After locating the line with "Dainese Avro 4" in the entries below, output it and each following line up to and including the line with "StitchesandTweed 24 Slot", exactly and without pictures.

*** Opening of MATERIAL FOR THE TASK ***

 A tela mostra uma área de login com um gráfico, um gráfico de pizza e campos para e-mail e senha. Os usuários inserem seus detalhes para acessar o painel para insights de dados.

*** Close of MATERIAL FOR THE TASK ***
*** Opening of MATERIAL FOR THE TASK ***

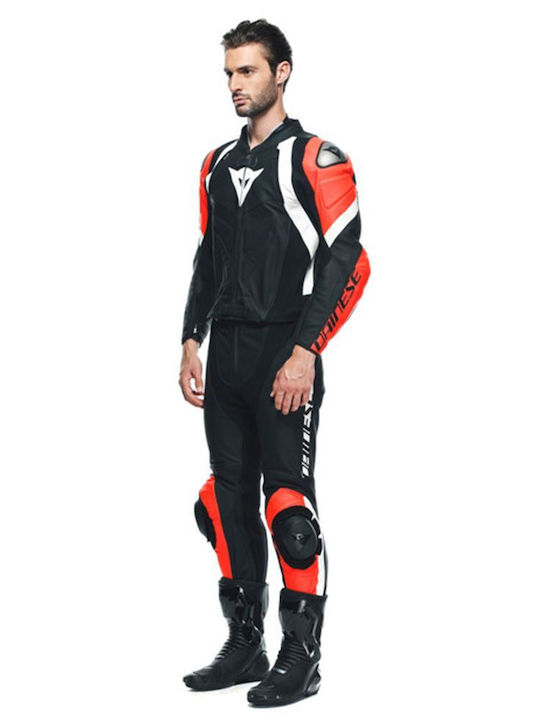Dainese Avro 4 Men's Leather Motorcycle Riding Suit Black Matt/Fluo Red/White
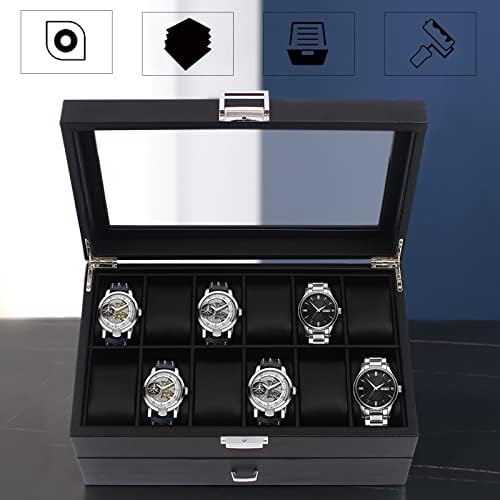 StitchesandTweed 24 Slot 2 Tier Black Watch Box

*** Close of MATERIAL FOR THE TASK ***

§ **WRITTEN SOLUTION**:
Dainese Avro 4 Men's Leather Motorcycle Riding Suit Black Matt/Fluo Red/White
 StitchesandTweed 24 Slot 2 Tier Black Watch Box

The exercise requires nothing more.